American photographer and manager (1945–2014)

Leee Black Childers (July 24, 1945 – April 6, 2014) was an American photographer, writer and rock music manager, who "recorded the legacy of a theatrical cross over between rock music and gay culture." Born Lee Black Childers in Jefferson County, Kentucky he started to spell his name with three rather than two "e"s as a child.

==Biography==
Leee Black Childers was born on July 24, 1945, in or near Louisville, Kentucky, to Ova Childers, a railroad switchman, and Harriet Black, who later went by Kathlyn Black Stone. He had two brothers, Larry and Henry. He attended Kentucky Southern College before moving to San Francisco, California, and later, in 1968, to New York City where he witnessed the Stonewall Riots.

He began taking photographs of drag queens and was encouraged by Andy Warhol to work as a photographer, gaining a reputation for his portraits of the artists, musicians, and others who passed through the Factory in New York. Childers photographed the nightlife and later the punk scene of New York City. When he was 24 years old, he moved from Kentucky to San Francisco.

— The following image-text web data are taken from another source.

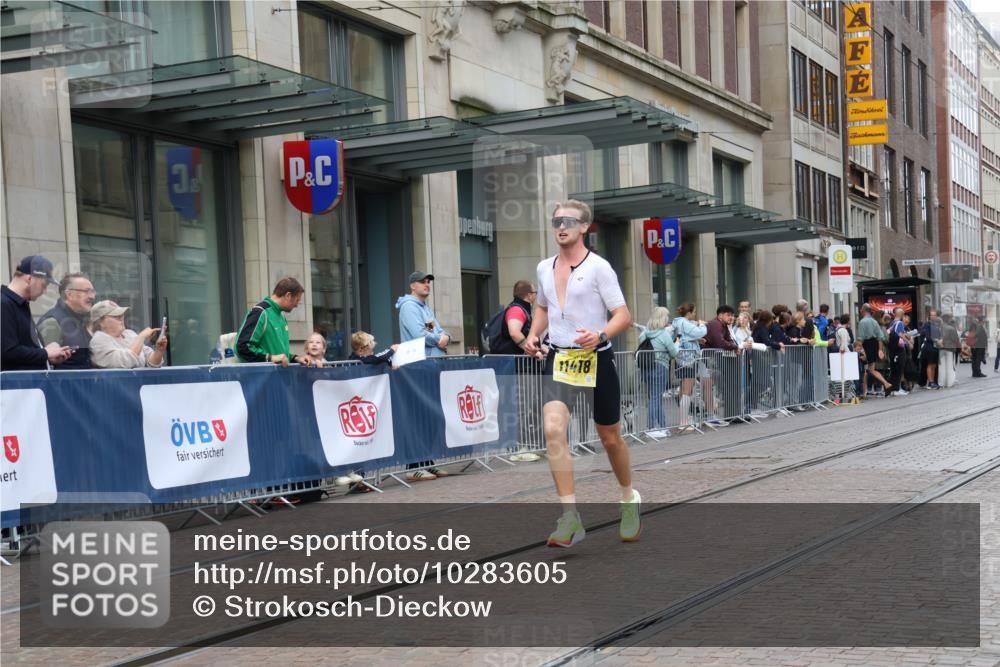13.09.2026 - 21. swb-Marathon Bremen Strokosch-Dieckow http://msf.ph/oto/10283605 13.09.2026 10:34:24 Ziel 10818, 11197, 11964, 12358, 12413, 12540, 13637, 11418, 13605, 13610, 13633 meine-sportfotos.de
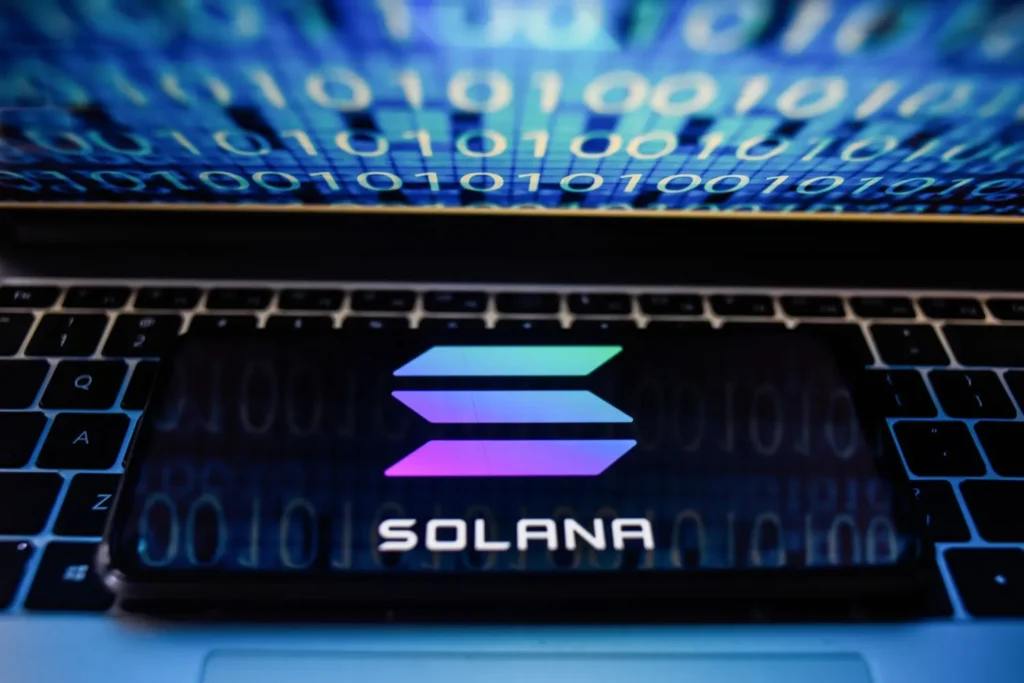 CME Group запустит фьючерсы на Solana 17 марта, предлагая контракты на 25 SOL и 500 SOL   Эксперты связывают это с возможным одобрением ETF.  Подробнее: cryptol.info/Solana  #Solana    Cryptol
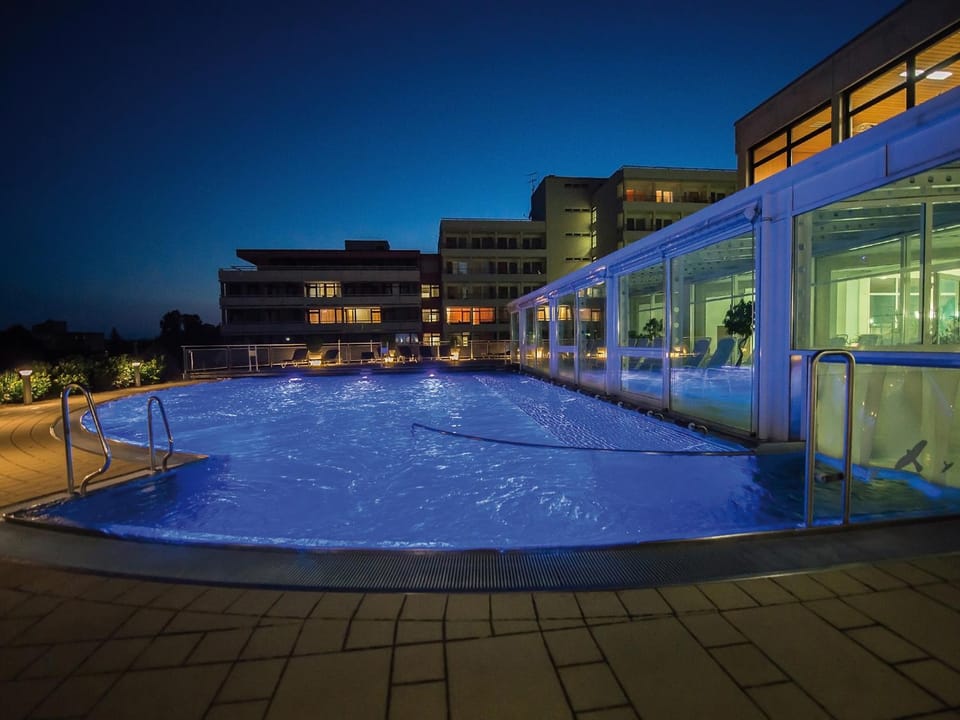 Property building, Spring, Winter, Autumn, Swimming pool, Open Air Bath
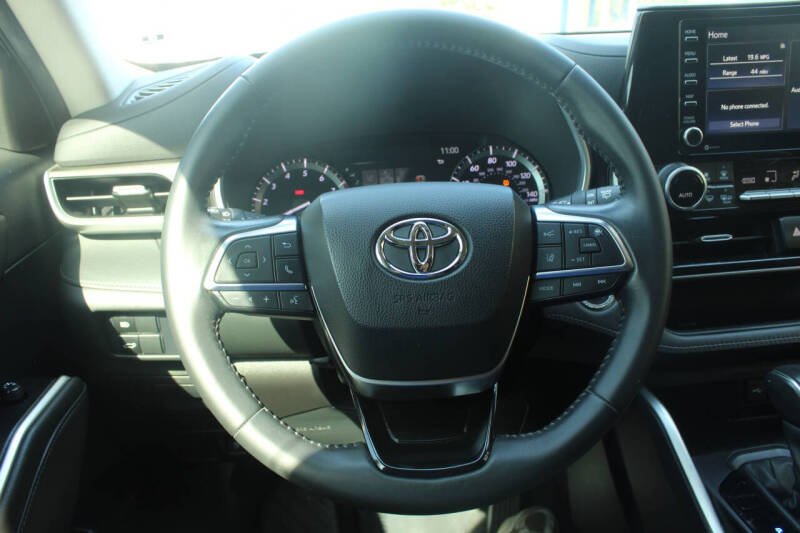 2021 Toyota Highlander XLE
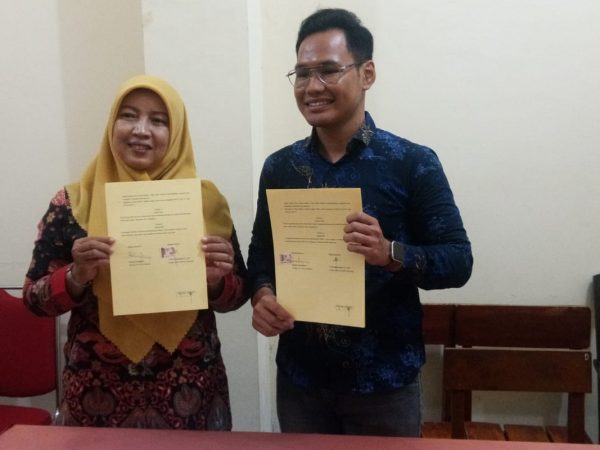 Penandatangan MOU SMK Hidayah dengan PT. Itho Indostok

In the early 1970s, Childers was a stage manager and photographer for Warhol's only stage production Pork, directed by Tony Ingrassia at the Roundhouse in London. His photographs from the production were part of the exhibit, "Warhol Live: Music and Dance in Warhol's Work," at the Andy Warhol Museum in 2009. Childers was also the stage manager for Jackie Curtis’s play Femme Fatale in 1970. He was an assistant to Warhol at the Factory between 1982 and 1984, and took photographs of visiting celebrities, counter-cultural figures and musicians, particularly of punk rock and new wave music stars, such as Ruby Lynn Reyner, Debbie Harry, Jayne County, and the Sex Pistols. He worked as a tour manager for David Bowie, Iggy Pop, Johnny Thunders, and Mott the Hoople, among others. David Bowie was a fan of Andy Warhol's work, and because of that he hired several of the people that were involved in the production of Pork, which included: Leee Black Childers, Cherry Vanilla, and Tony Zanetta. In his time with David Bowie, Childers became his official tour photographer for Ziggy Stardust. Leee Black Childers's relationship with Bowie got him a job at his record management company MainMan.

In 2012, he published Drag Queens, Rent Boys, Pick Pockets, Junkies, Rockstars and Punks, a collection of some of his photographs and their backgrounds, which was the subject of exhibitions in London in 2011 and Los Angeles, California, in March 2014. Childers's photographs of the punk scene are known worldwide.

In 2016, Childers's 2010 interview was featured in Danny Says, appearing alongside Danny Fields, Iggy Pop, and Alice Cooper.

Childers died in Los Angeles on April 6, 2014, at the age of 68, from undisclosed causes. At the time of his death, he lived in Brooklyn, New York.